Friedman is right saying it’s too late to send him back to the AHL. Unless his confidence is completely shot like Rick DiPietro after numerous injuries, you’re not going to do that now. Lindback is being bred into an elite back-up if that is such a thing, getting few starts.
Lindback didn’t have a meltdown as some think, during the Montreal playoffs. If you saw that many shots and had horrendous defensive coverage, you might let in a couple bad goals, too.
What Lindback needs on work on is fixable. Justin Goldman of The Goalie Guild reviewed at length in 2012 what Lindback should think about when he came to Tampa:
The rest of those potential downgrades are technically based, and get fairly complicated. In a nutshell, I think he still displays various levels of excess tension and rigidness in his posture, and I think he needs to improve his ability to read plays, track pucks, manage shots through traffic, and control rebounds.
But that’s the case for most 24-year-old goalies with limited NHL experience, and ultimately, I understand that Lindback is still miles away from reaching his true upside. There’s plenty of maturing, improving, and learning to be done, and how this process unfolds in Tampa Bay (compared to Nashville) is the true burning question in my mind.
Goldman kept up on the technical side on Lindback’s play during the playoffs, pointing out how Lindback uses the delayed head turn to track pucks behind the net:
Delayed head turns during a board scrum are the devil. Habs attacked Lindy’s left post a ton. https://t.co/vD0ifvwnDT
— The Goalie Guild (@TheGoalieGuild) April 17, 2014
However, his teammates never had the man in front. So there’s that.
I’d like to see Lindback on his feet more covering the post. He uses what’s called a Reverse-VH, or Reverse Vertical Horizontal, where his leading pad is against the ice in a half-butterfly, and the trailing leg is up. This causes his six-foot-six frame to shrink as he leans, and leaves a lot of room above his shoulders and places Lindback in a vulnerable position for a one-timer or feed to the slot. Lindback has a narrow butterfly, so I don’t even know why he’s using that because his groin isn’t that flexible to seal the far post if he quickly needs to move laterally and cover the bottom. I’m only 5’11” and when I’m in goal, I have to use every inch of my legs and arms to cover the places my torso can’t get to. What kills me is that Lindback is so tall and he becomes so small when he wants to seal off the ice.
As the crucial goals he let by against the Canadiens showed, he was off his angle a few inches when he challenges. This is more teachable and fixable than the Reverse-VH issue. Reverse-VH includes a series of mechanical moves to be in that position and read through a play and make the correct follow-up move. His angle is crease positioning and being able to read the play.

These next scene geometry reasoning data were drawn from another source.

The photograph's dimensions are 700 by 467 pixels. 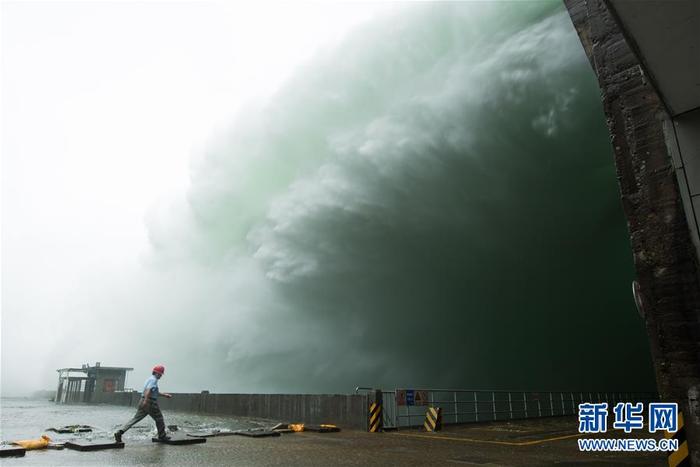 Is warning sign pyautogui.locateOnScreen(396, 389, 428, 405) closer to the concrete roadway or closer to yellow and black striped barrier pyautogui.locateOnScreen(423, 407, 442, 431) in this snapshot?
yellow and black striped barrier pyautogui.locateOnScreen(423, 407, 442, 431)

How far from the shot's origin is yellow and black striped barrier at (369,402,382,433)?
14.7 m

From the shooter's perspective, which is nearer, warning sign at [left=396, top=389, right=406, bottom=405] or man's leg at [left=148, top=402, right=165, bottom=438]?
man's leg at [left=148, top=402, right=165, bottom=438]

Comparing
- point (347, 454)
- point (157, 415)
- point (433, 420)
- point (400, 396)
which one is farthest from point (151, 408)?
point (433, 420)

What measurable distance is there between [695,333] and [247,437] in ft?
34.4

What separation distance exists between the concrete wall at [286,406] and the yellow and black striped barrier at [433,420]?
220 cm

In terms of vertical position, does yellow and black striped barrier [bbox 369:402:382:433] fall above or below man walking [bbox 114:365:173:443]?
below

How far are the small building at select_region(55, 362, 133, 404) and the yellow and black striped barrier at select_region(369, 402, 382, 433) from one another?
7988 cm

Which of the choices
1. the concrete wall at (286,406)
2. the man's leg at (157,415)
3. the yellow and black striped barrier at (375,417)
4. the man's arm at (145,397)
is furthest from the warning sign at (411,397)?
the man's arm at (145,397)

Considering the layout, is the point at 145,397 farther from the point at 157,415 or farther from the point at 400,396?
the point at 400,396

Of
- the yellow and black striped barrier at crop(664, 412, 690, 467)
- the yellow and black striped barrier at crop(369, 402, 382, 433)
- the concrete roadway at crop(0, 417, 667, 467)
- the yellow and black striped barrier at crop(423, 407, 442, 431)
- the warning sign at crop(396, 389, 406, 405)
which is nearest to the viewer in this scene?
the yellow and black striped barrier at crop(664, 412, 690, 467)

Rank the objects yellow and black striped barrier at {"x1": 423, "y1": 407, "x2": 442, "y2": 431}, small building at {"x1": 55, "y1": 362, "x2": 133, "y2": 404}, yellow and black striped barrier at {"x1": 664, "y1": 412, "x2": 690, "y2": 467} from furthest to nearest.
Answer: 1. small building at {"x1": 55, "y1": 362, "x2": 133, "y2": 404}
2. yellow and black striped barrier at {"x1": 423, "y1": 407, "x2": 442, "y2": 431}
3. yellow and black striped barrier at {"x1": 664, "y1": 412, "x2": 690, "y2": 467}

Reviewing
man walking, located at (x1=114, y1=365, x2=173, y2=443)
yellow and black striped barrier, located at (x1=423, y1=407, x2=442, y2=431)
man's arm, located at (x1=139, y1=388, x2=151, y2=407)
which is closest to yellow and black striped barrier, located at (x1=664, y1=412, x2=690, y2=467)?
Answer: man walking, located at (x1=114, y1=365, x2=173, y2=443)

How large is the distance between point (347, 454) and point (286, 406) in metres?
11.9

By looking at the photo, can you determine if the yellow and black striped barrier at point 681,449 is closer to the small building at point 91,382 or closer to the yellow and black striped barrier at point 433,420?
the yellow and black striped barrier at point 433,420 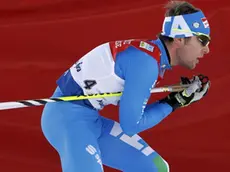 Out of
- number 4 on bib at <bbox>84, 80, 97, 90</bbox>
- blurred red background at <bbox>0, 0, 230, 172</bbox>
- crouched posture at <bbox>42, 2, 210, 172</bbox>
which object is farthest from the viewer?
blurred red background at <bbox>0, 0, 230, 172</bbox>

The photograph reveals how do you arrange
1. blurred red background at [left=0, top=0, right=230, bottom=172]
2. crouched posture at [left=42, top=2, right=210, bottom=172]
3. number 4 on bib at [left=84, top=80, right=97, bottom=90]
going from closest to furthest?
crouched posture at [left=42, top=2, right=210, bottom=172]
number 4 on bib at [left=84, top=80, right=97, bottom=90]
blurred red background at [left=0, top=0, right=230, bottom=172]


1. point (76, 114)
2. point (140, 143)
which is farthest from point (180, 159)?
point (76, 114)

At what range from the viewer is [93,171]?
1.76m

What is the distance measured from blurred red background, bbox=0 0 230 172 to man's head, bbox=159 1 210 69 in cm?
83

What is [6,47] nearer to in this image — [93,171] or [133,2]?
[133,2]

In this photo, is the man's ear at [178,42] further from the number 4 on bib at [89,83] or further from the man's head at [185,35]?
the number 4 on bib at [89,83]

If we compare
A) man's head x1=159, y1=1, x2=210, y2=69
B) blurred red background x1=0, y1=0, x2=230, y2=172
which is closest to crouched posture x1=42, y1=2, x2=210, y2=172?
man's head x1=159, y1=1, x2=210, y2=69

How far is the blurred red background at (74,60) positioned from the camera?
257 centimetres

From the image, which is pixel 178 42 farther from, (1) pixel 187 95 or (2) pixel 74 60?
(2) pixel 74 60

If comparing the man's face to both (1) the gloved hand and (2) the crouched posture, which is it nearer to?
(2) the crouched posture

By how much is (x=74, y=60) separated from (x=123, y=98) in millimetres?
1244

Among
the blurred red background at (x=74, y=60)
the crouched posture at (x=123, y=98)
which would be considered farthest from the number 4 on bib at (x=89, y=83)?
the blurred red background at (x=74, y=60)

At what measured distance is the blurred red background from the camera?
2.57 m

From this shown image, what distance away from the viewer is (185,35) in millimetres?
1774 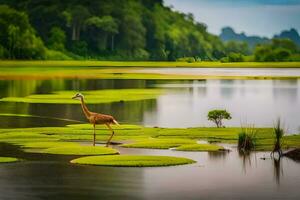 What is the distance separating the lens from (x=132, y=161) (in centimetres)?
1956

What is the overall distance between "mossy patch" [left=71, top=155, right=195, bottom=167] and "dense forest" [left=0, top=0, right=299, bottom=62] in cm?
9343

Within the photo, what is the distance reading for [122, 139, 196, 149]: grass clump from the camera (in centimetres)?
2270

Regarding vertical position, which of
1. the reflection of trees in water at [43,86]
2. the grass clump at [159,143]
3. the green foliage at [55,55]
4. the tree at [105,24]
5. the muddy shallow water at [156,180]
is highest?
the tree at [105,24]

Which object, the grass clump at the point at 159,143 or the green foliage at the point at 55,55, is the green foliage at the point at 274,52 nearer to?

I give Lindback credit because he did elevate his game during the final stretch of the season and in the playoffs. He was saving shots he would not have saved before with his glove, body, knees and stick. For the most part, he sealed the holes. His reaction time was noticeably faster, too. His footwork and reactionary saves looked two steps too slow for the most part of the last two seasons.
Lindback suffers from Still’s diseases, which causes inflammation and joint pain, and that always stayed in the back of my mind for an explanation of why he just looked slower than other goaltenders–as if his fastest reaction was always two seconds slower than anyone else’s. He says it doesn’t affect him on the ice, but I would think that would be in terms of pain.
We could much easily be talking about Ben Bishop’s flaws here, too, if it wasn’t for his injury. Bishop’s mechanics became sloppy over the final half of the season, especially leaving his left leg up off the ice, but we’ll save that for the summer.
Goaltending is a position of constant tweaking–in game and in practice–to give shooters something different. Lindback has shown that he can up his game, and whether it’s here or somewhere else, he can continue to show that he belongs in the NHL.